Extracts the coefficients from a classification model and turns them into a lexicon.
Argument and Default Value¶
Name of the lexicon to be created.
Use this switch to create a lexicon from a classification model. Either create the lexicon from a previously created model (using --load_model) or create a model using --train_classifiers. The name of the lexicon will be dd_ARGUMENT ; dd indicates the lexicon was data driven.
IMPORTANT: When creating the model, use --no_standardize or the model will not make any sense.
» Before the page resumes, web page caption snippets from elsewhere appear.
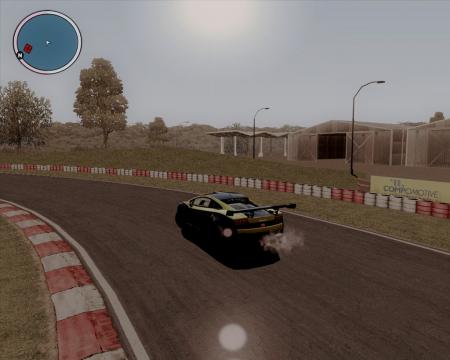 gtasaimage01975.jpg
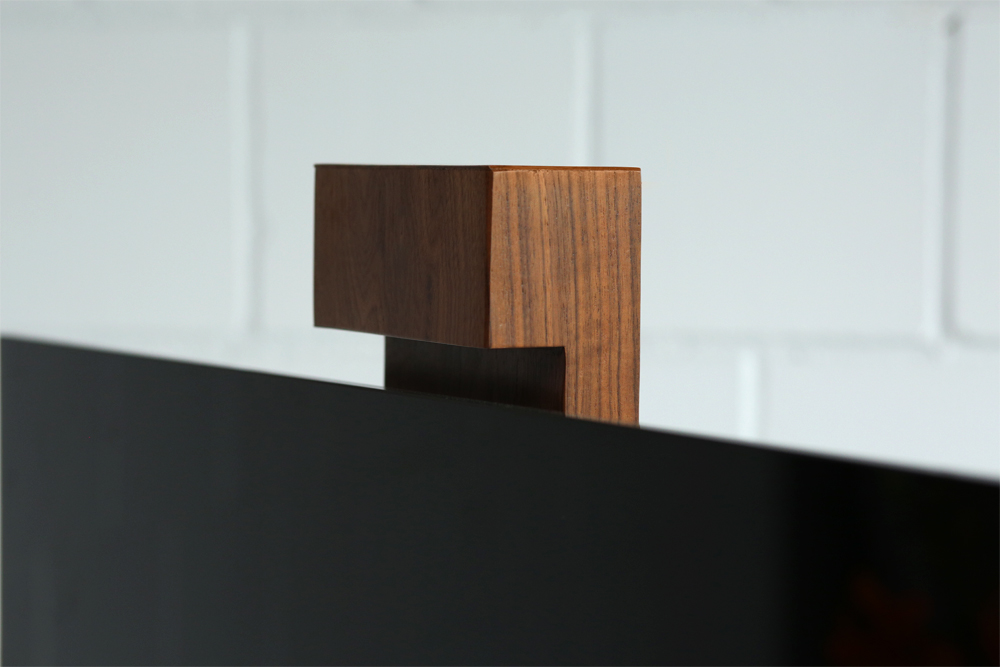 wissmann-118-holz-5-tv-design-standfuss wissmann-118-holz-5-tv-design-standfuss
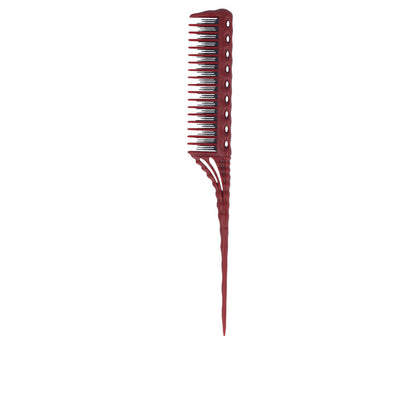 YS PARK RED CREPAR COMB 150 217 mm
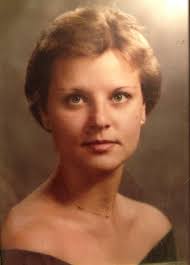 Margaret Meyer Obituary (2007)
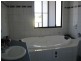Lot 4, Bayview Crescent, Bowen QLD 4805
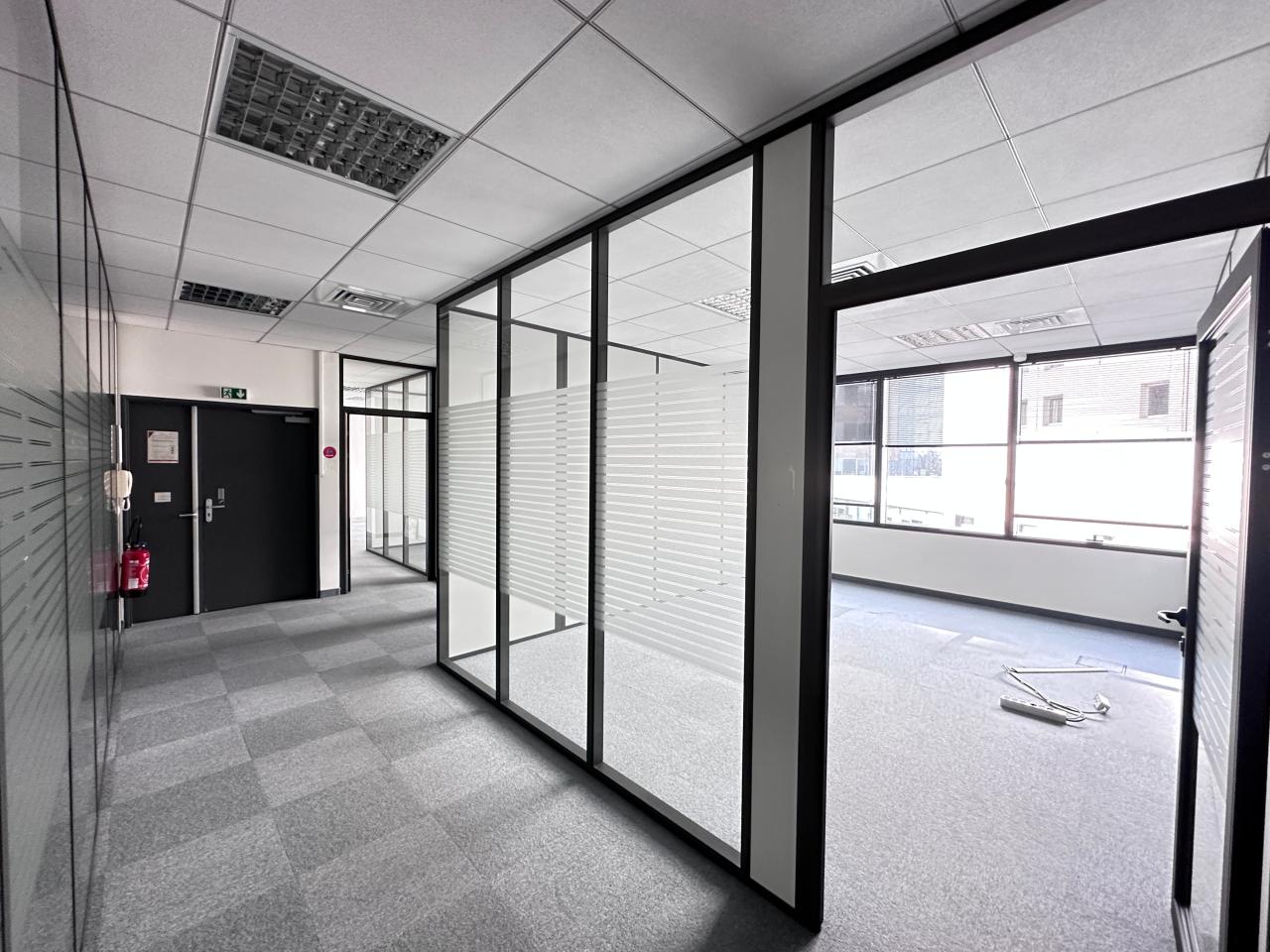 Location bureau Nice Alpes-Maritimes OLBUR2533064 4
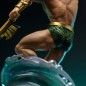Marvel - Art Scale Statue 1/10 Namor Diorama 36 cm Marvel - Art Scale Statue 1/10 Namor Diorama 36 cm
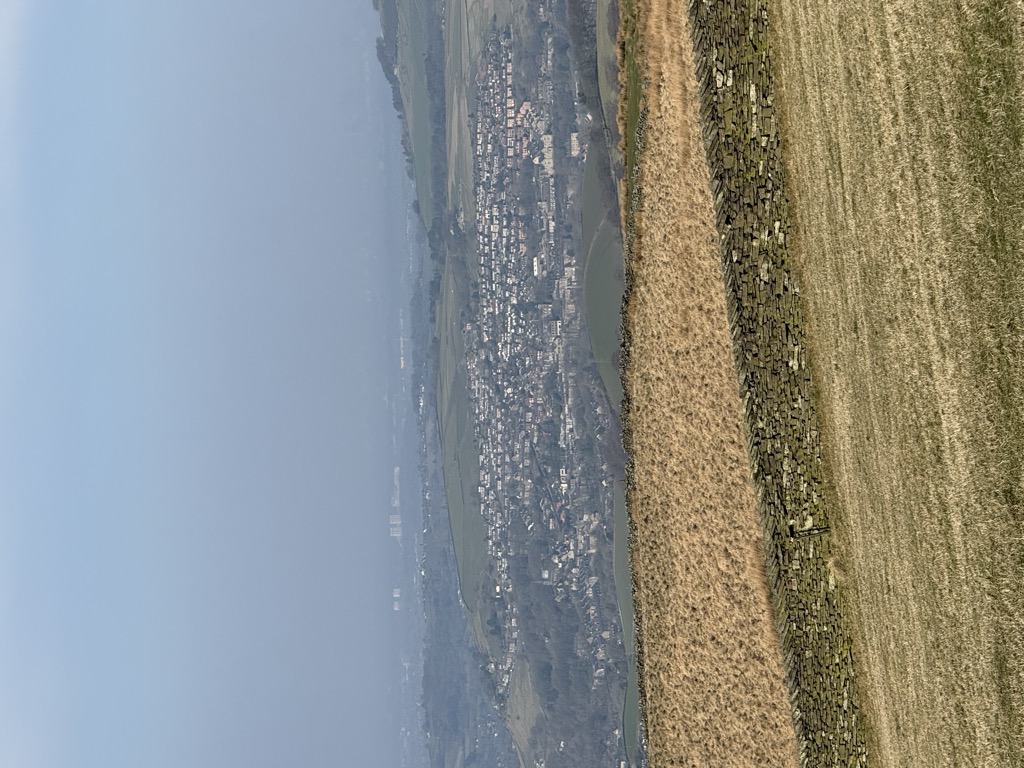 Photo №3 of Chinley Churn (North)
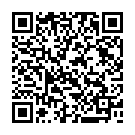 Código QR con el enlace al titular Patricia Gómez y Ángel Ibáñez protagonizan un bronco debate sobre el respeto institucional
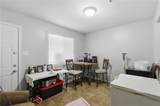 1919 Pine Tree Drive - Photo 34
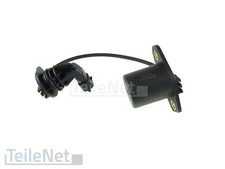 Ölstandsensor Sensor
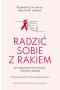 Radzić sobie z rakiem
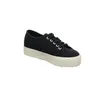 Sneaker 2730 Cotu Produktbild-Vorschau 11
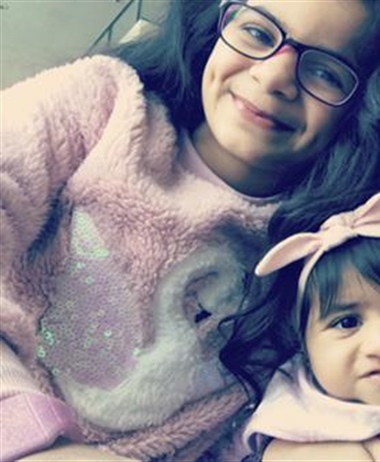 'Fearlessly Authentic': If I can, you can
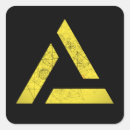 Suche nach pi symbol aufkleber Unendlichkeit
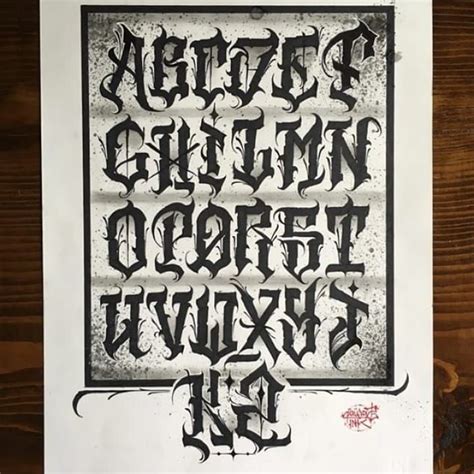 Printable letters c for kids. No photo description available. | Lettering styles ...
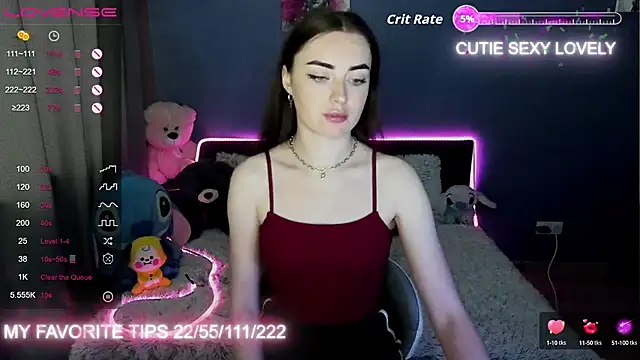 SemurMur online show from 29, 9, 2025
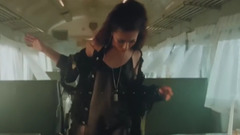 艾怡良 - 艾怡良内地巡演宣传片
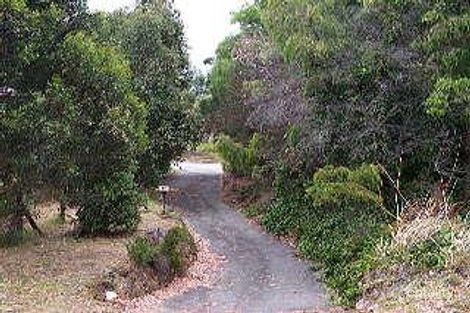 79 Adelaide Cres, Middleton Beach, WA 6330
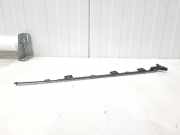 Innenleuchte links Volvo S90 II 234 31389470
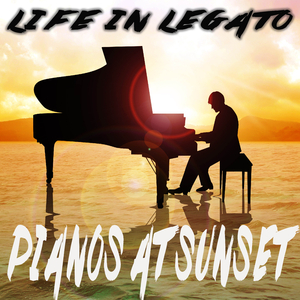 The Other Girl (Piano Version)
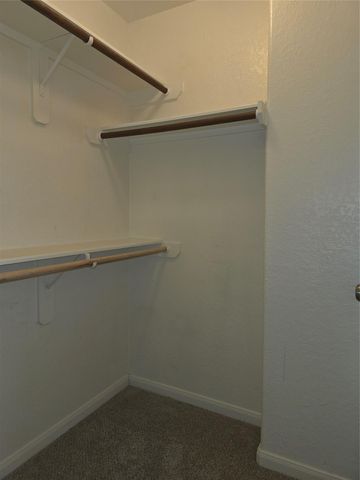 11114 Opatrny Meadows Lane, Houston, TX 77064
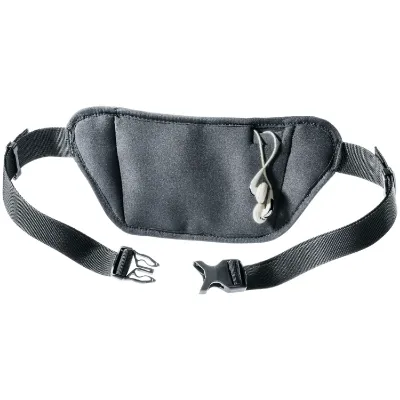 Deuter Neo Belt I
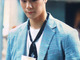 Filename=1557817843.jpg
Filesize=1439KiB
Dimensions=775x1200
Date added=May 21, 2019 1557817843.jpg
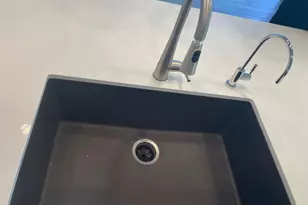 8763 W Orange Dr, Glendale, AZ 85305 - Photo 11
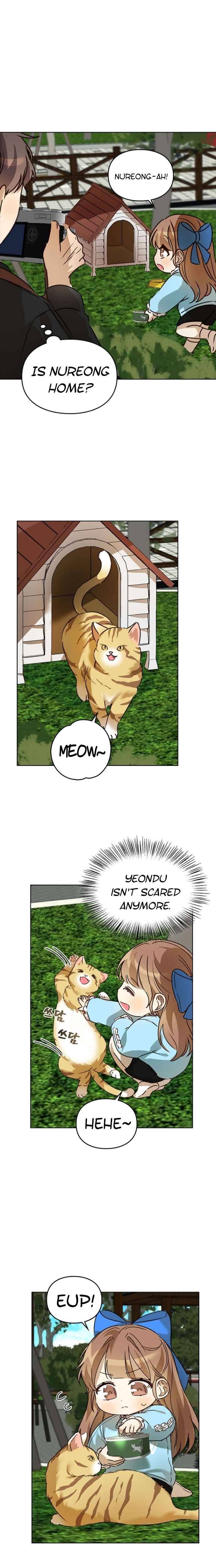 Chapter 35 - Image 10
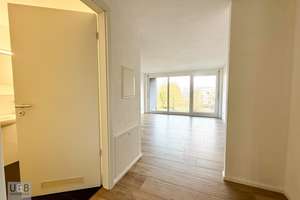 Hochwertiges Apartment mit tollem Balkon am Kräherwald – Geisseichstr. 29, 70197 Kräherwald, Stuttgart – Vorschaubild 6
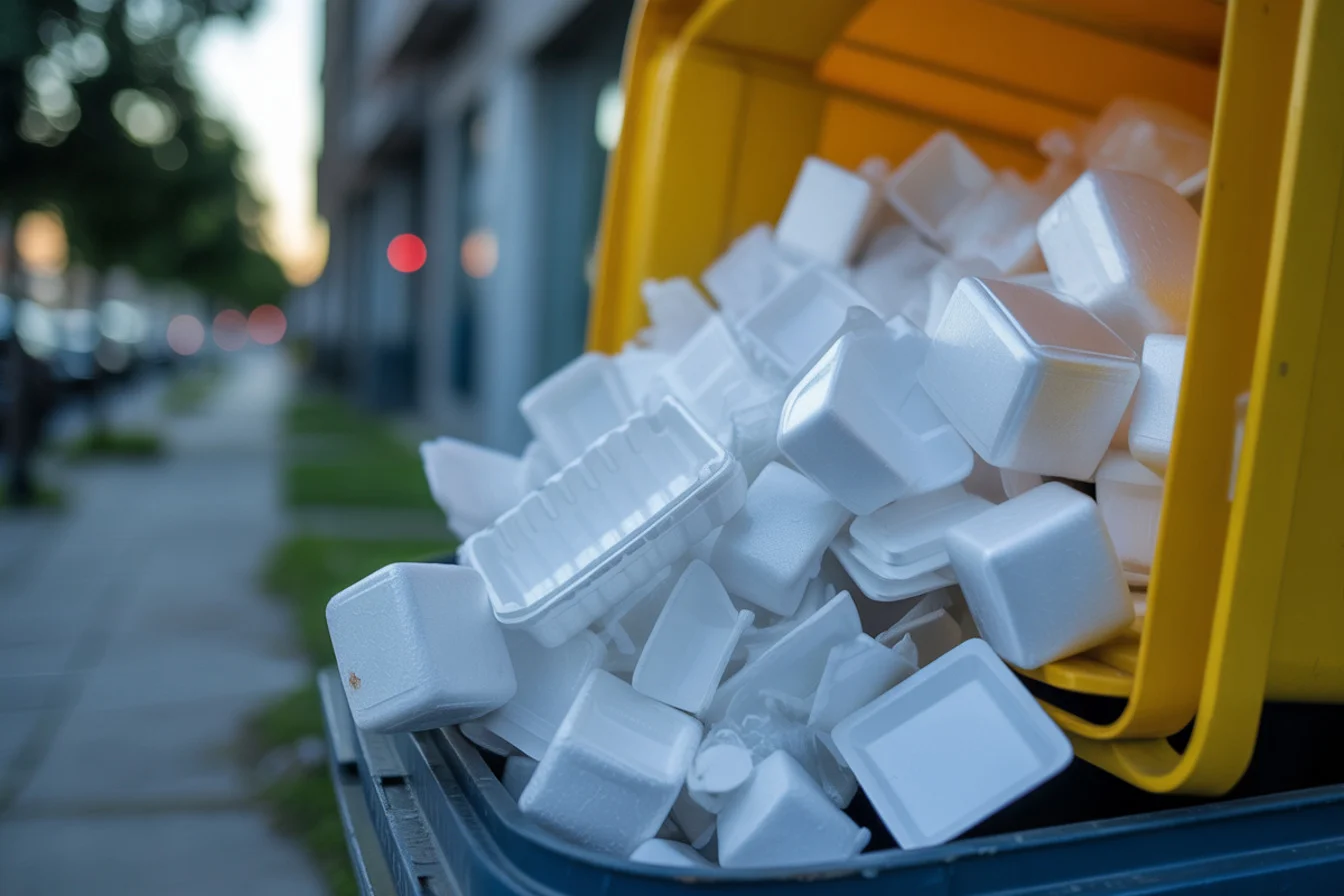 https://nergy.fr/wp content/uploads/ou jeter le polystyrene non alimentaire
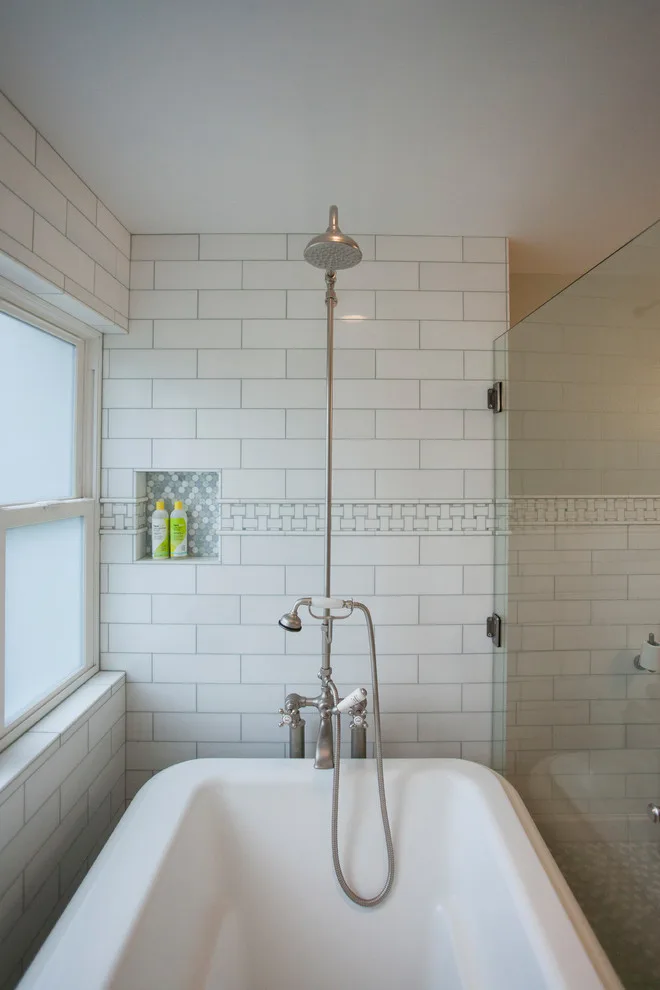 Splash Off! by Jennifer Ryan Design - Photo 2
Only use classification algorithms that have linear coefficients (i.e by choosing the right --model), because the lexicon extraction equation won't make sense otherwise. This functionality hasn't totally been validated with advanced feature selection, so beware. Also note that the coefficients won't be efficient to distinguish what features best characterize the outcomes looked at, use --correlate or other univariate techniques to get at that type of insight.
NOTE: This only works with binary classification, so if you want to do this with multiple classes (>2), create variables that are binary.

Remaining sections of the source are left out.